The lines wanted are those from the one containing "Black Chiffon Pure" to the last line of the entries below; output them exactly, leaving out pictures.
--- START ---
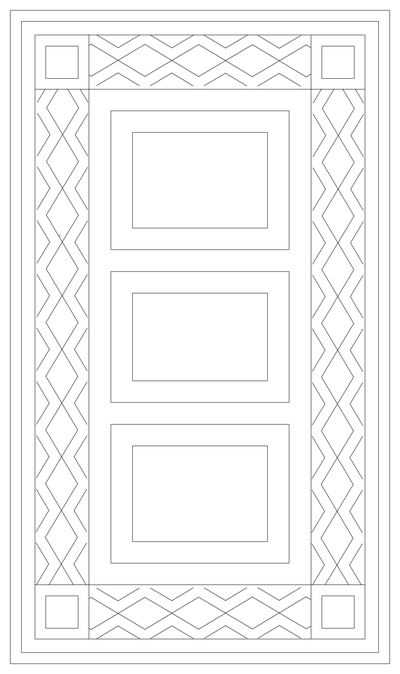 Rectangular Rug with Zigzag Border - Plan View CAD block preview
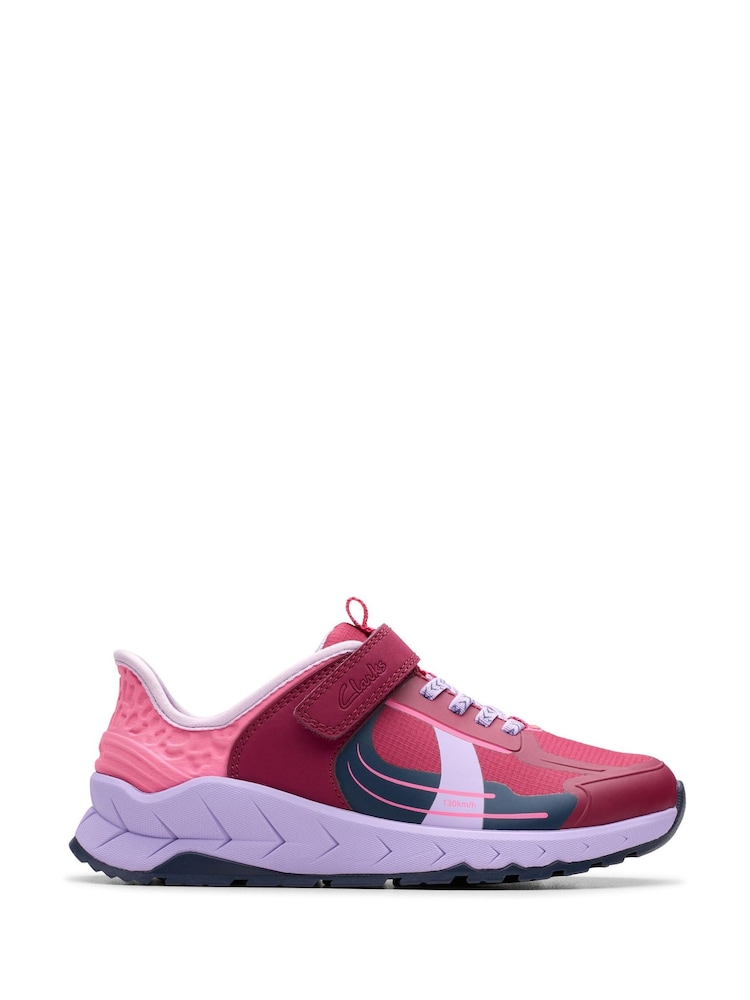 Clarks Red Selva Lane Kids Shoes - Image 1 of 6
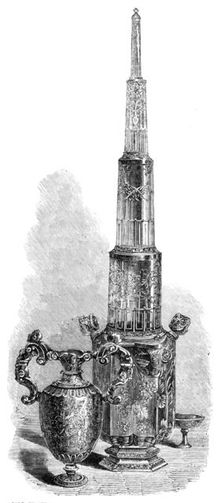 The Loan Collection, South Kensington Museum: rock crystal vase and table ornament, (German), 1868. Creator: Unknown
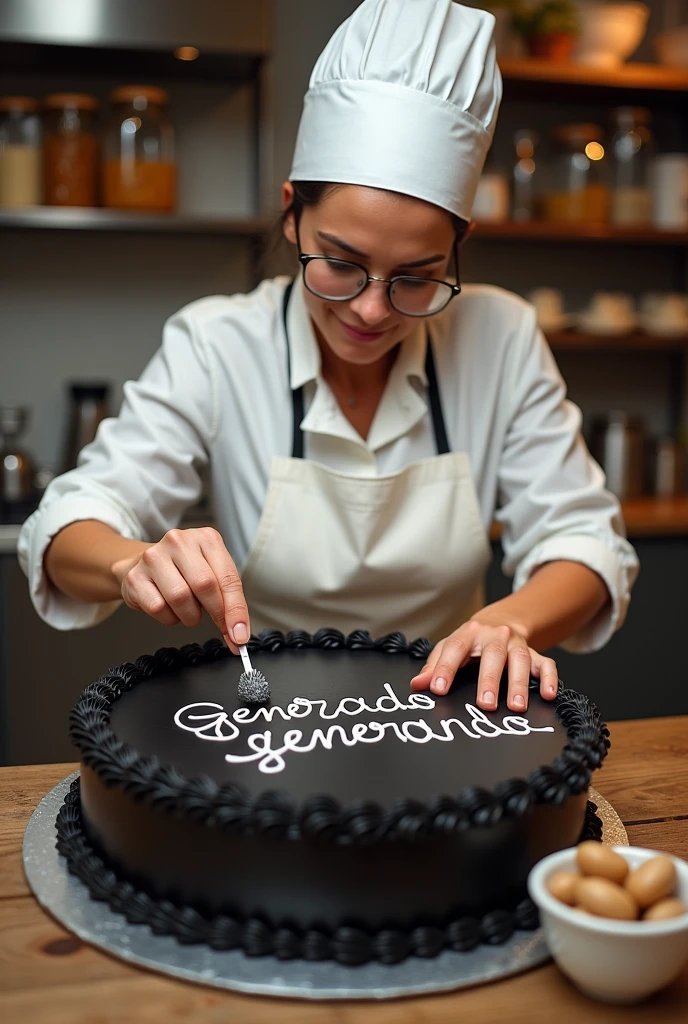 Pastry teacher giving classes Making a black cake With the word generating with Lety (Spanish)
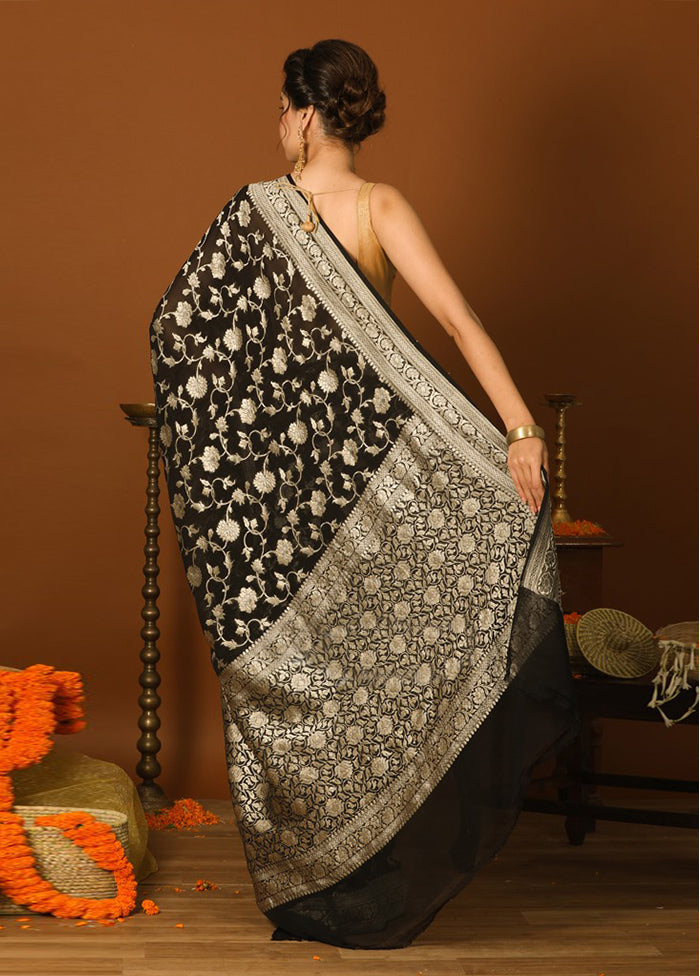 Black Chiffon Pure Silk Saree With Blouse Piece - Indian Silk House Agencies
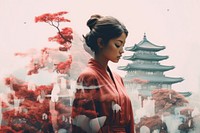Double exposure photography woman kimino and japanese garden architecture building outdoors.
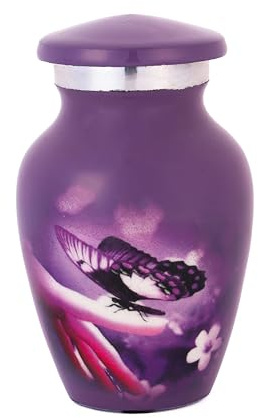 Bless International Hand-Engraved Small Decorative Brass Urn with Lid – 3 Mini Keepsake Urn for Human Ashes, Memorials – Petite Remembrance Vase with Velvet Storage Case & Funnel (Purple Butterfly)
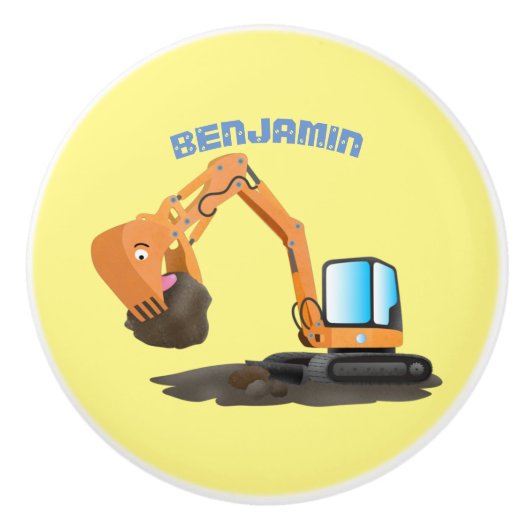 Sinaasappel graafmachine cartoon keramische knop (Voorkant)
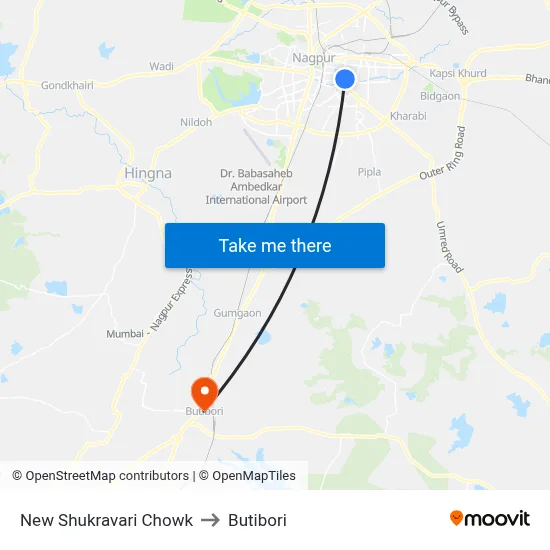 New Shukravari Chowk to Butibori map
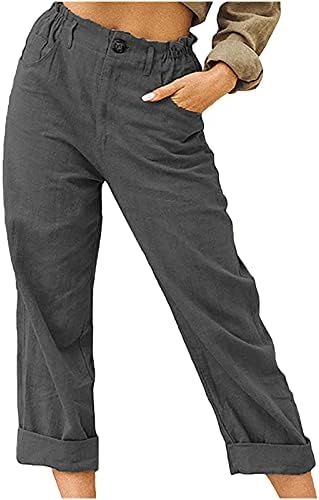Постелнини капри панталони за жени лабави се вклопуваат обични исечени панталони еластични половини летни удобни директни панталони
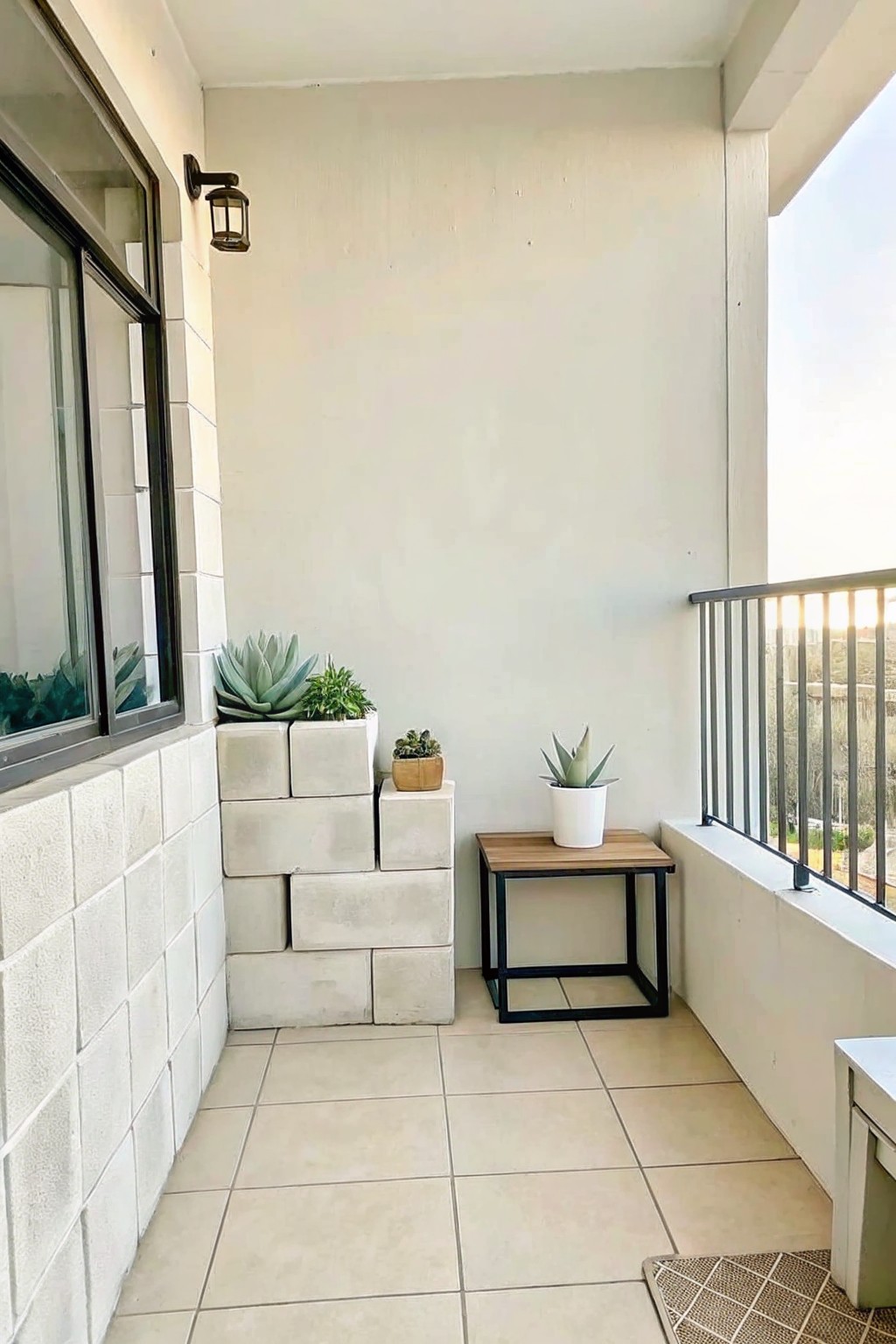 A small balcony with stacked concrete blocks used as plant stands holding succulents, next to a small wooden table with a potted plant.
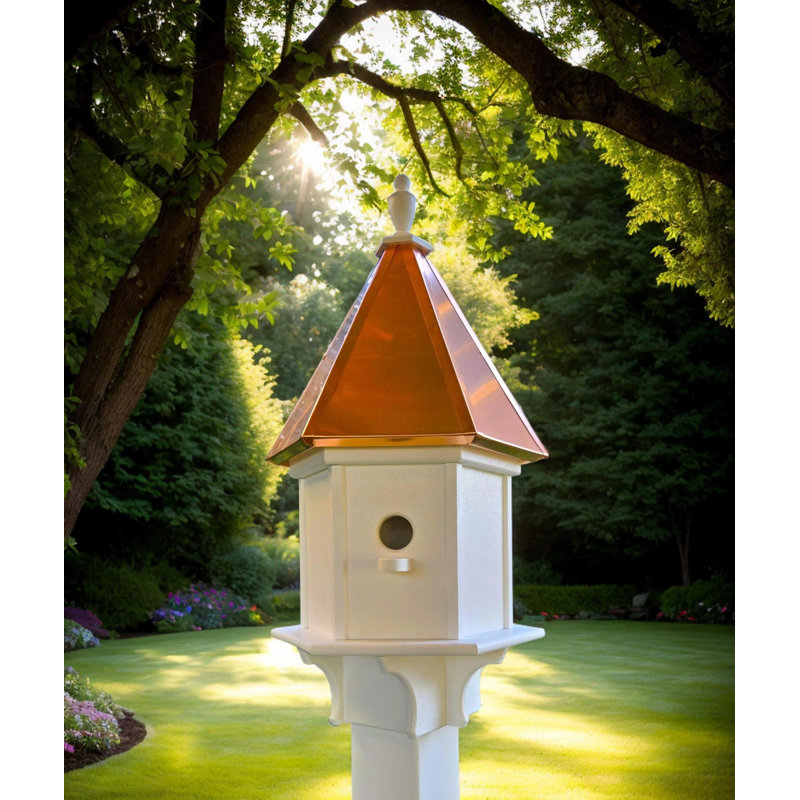 Maison d'oiseaux avec toit en cuivre Amish, 3 compartiments gigognes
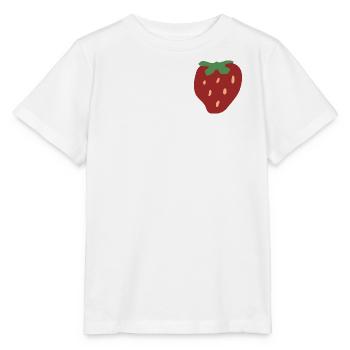 Einfache Erdbeere minimalistisches Design - Stanley/Stella Kinder T-Shirt MINI CREATOR  - Weiß - Vorne - Maike (125cm)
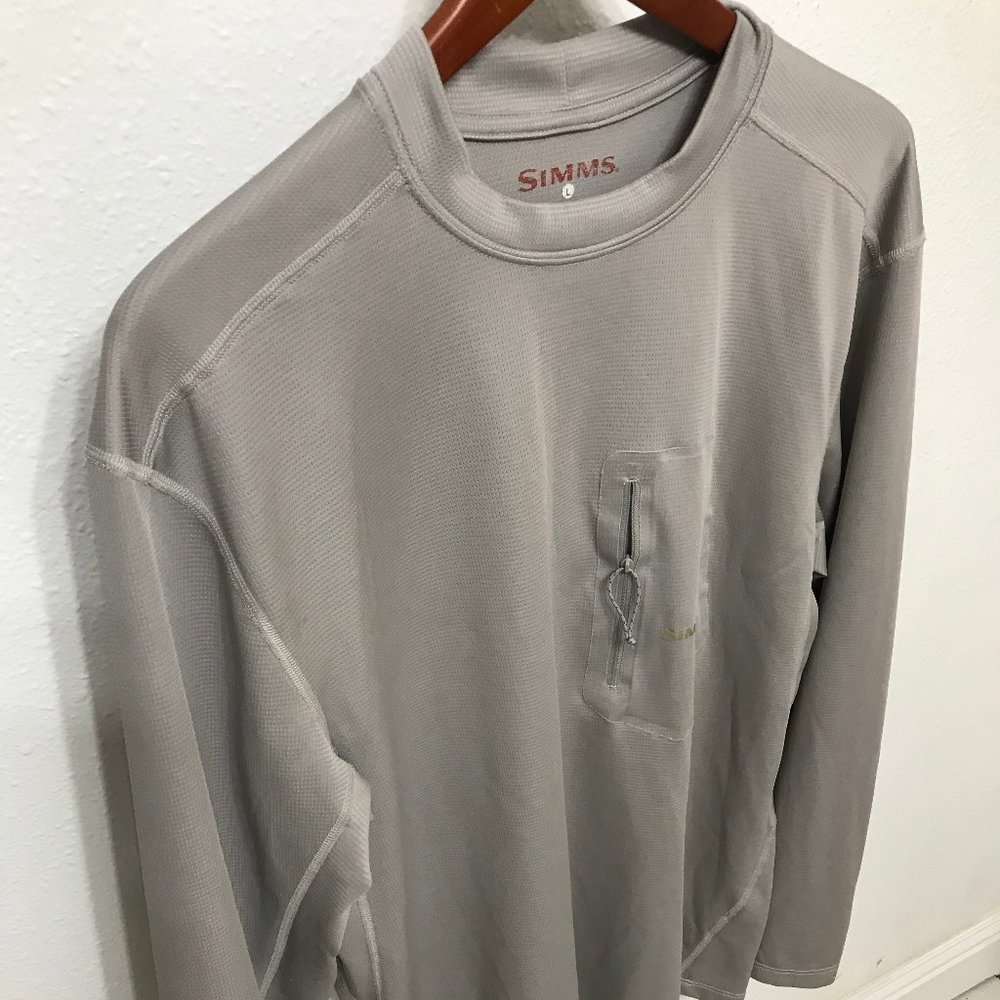 Mens Simms Fishing Long Sleeve Shirt with Pocket L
--- END ---
#### RESULT OF THIS TASK
 Black Chiffon Pure Silk Saree With Blouse Piece - Indian Silk House Agencies
Double exposure photography woman kimino and japanese garden architecture building outdoors.
 Bless International Hand-Engraved Small Decorative Brass Urn with Lid – 3 Mini Keepsake Urn for Human Ashes, Memorials – Petite Remembrance Vase with Velvet Storage Case & Funnel (Purple Butterfly)
 Sinaasappel graafmachine cartoon keramische knop (Voorkant)
 New Shukravari Chowk to Butibori map
Постелнини капри панталони за жени лабави се вклопуваат обични исечени панталони еластични половини летни удобни директни панталони
 A small balcony with stacked concrete blocks used as plant stands holding succulents, next to a small wooden table with a potted plant.
 Maison d'oiseaux avec toit en cuivre Amish, 3 compartiments gigognes
 Einfache Erdbeere minimalistisches Design - Stanley/Stella Kinder T-Shirt MINI CREATOR  - Weiß - Vorne - Maike (125cm)
 Mens Simms Fishing Long Sleeve Shirt with Pocket L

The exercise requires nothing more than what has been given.